Assignment — Your job here is to restate every record exactly, pictures excluded.

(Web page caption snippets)
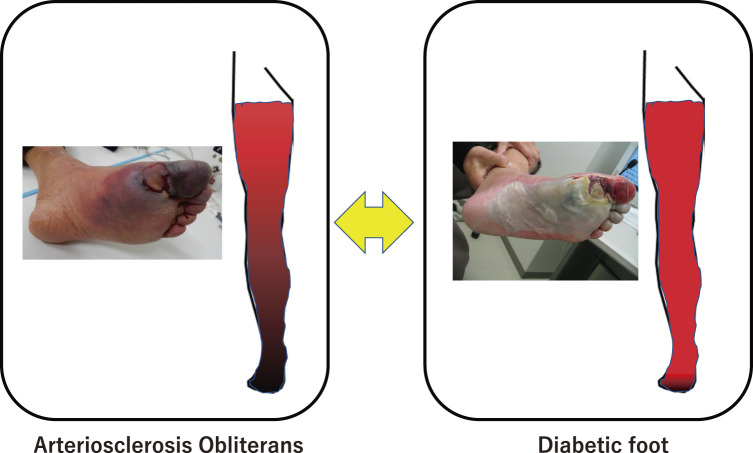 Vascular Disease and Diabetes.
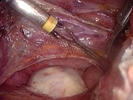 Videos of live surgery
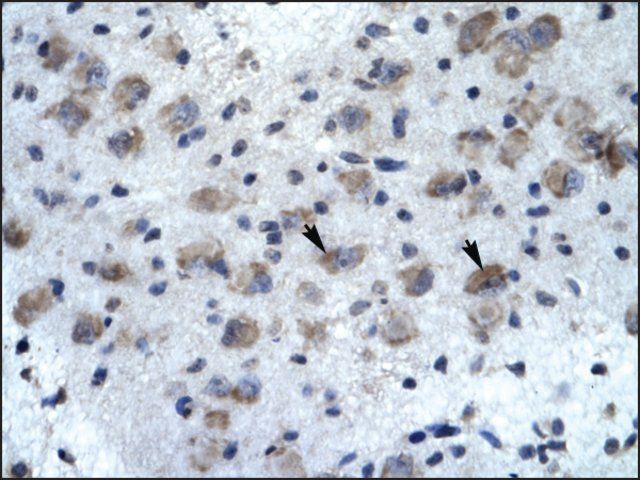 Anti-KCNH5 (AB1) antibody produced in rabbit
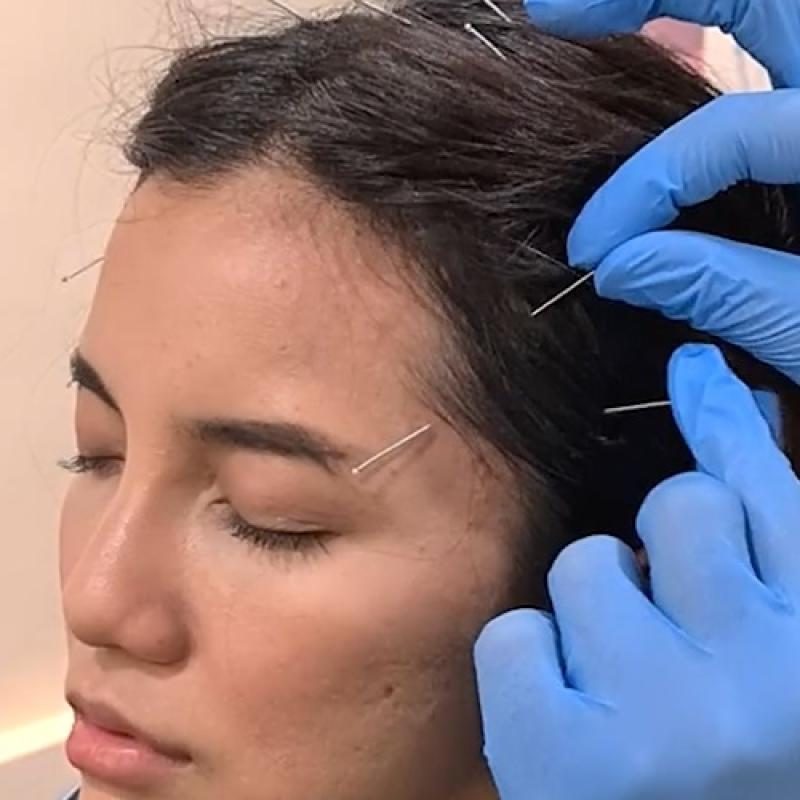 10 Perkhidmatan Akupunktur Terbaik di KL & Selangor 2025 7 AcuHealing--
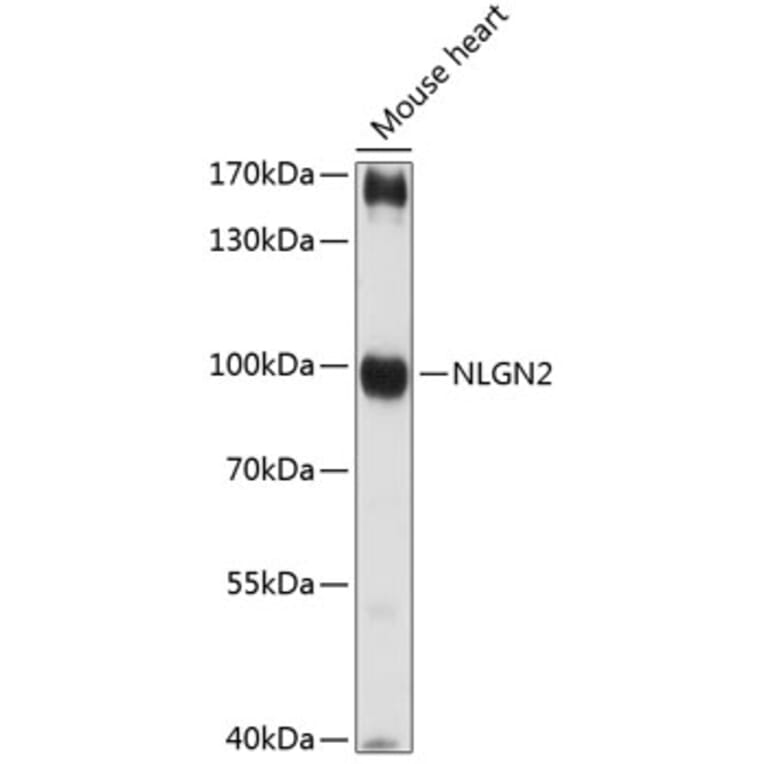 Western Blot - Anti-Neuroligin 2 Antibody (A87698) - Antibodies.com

Task output —
 Vascular Disease and Diabetes.
 Videos of live surgery
 Anti-KCNH5 (AB1) antibody produced in rabbit
 10 Perkhidmatan Akupunktur Terbaik di KL & Selangor 2025 7 AcuHealing--
 Western Blot - Anti-Neuroligin 2 Antibody (A87698) - Antibodies.com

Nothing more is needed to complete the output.